2016 PRESIDENTIAL CAMPAIGN:
Hillary Clinton answers 6 questions from the press in Iowa
Source: USA Today, 5-19-15
FIRST QUESTION: Do you regret the way the Clinton Foundation handled foreign donations when you were U.S. Secretary of State? Your opponents say the donations and your private email account are examples of the Clintons having one set of rules for themselves and another set of rules for everyone else.
CLINTON: “I am so proud of the foundation. I’m proud of the work that it has done and is doing. It attracted donations, from people, organizations, from around the world, and I think that just goes to show that people are very supportive of the life-saving and life-changing work that it’s done here, at home and elsewhere. I’ll let the American people make their own judgments.”
SECOND QUESTION: Given the situation in Iraq, do you think we’re better off without Saddam Hussein in power?

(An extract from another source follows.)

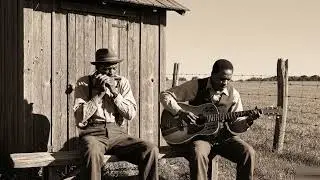 Root Blues Harmonica and Acoustic Guitar Playing a Slow, Soulful Blues in the Open Countryside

CLINTON: “Look, I know that there have been a lot of questions about Iraq posed to candidates over the last weeks. I’ve been very clear that I made a mistake plain and simple. And I have written about it in my book. I’ve talked about it in the past and you know what we now see is a very different and very dangerous situation. The United States is doing what it can, but ultimately this has to be a struggle that the Iraqi government and the Iraqi people are determined to win for themselves. We can provide support, but they’re going to have to do it.”
THIRD QUESTION: On your income disclosure, you are in the top echelon of income earners in this country. How do you expect every day Americans to relate to you?
CLINTON: “Well, obviously, Bill and I have been blessed and we’re very grateful for the opportunities that we’ve had, but we’ve never forgotten where we came from, and we’ve never forgotten the country that we want to see for our granddaughter, and that means that we’re going to fight to make sure that everybody has the same chances to live up to his or her own God-given potential. So I think that most Americans understand that the deck is stacked for those at the top, and I am running a campaign that is very clearly stating we want to reshuffle that deck. We want to get back to having more opportunities for more people so that they can make more out of their own lives. And I think that’s exactly what America’s looking for.”
FOURTH QUESTION: Can you explain your relationship as secretary of state with Sidney Blumenthal? There’s a report out this morning that you exchanged several emails. Should Americans expect that if elected president that you would have that same type of relationship with these old friends that you’ve had for so long?
CLINTON: “I have many, many old friends, and I always think that it’s important when you get into politics to have friends that you had before you were in politics and to understand what’s on their minds. He’s been a friend of mine for a long time. He sent me unsolicited emails, which I passed on in some instances, and I see that that’s just part of the give-and-take. When you’re in the public eye, when you’re in an official position, I think you do have to work to make sure you’re not caught in the bubble and you only hear from a certain small group of people, and I’m going to keep talking to my old friends, who ever they are.”
FIFTH QUESTION: We learned today that the State Department might not release your emails until January 2016. A federal judge says they should be released sooner. Will you demand that they are released sooner, and to follow up on the question about the speeches, was there a conflict of interest in your giving paid speeches into the run-up of your announcing that you’re running for president?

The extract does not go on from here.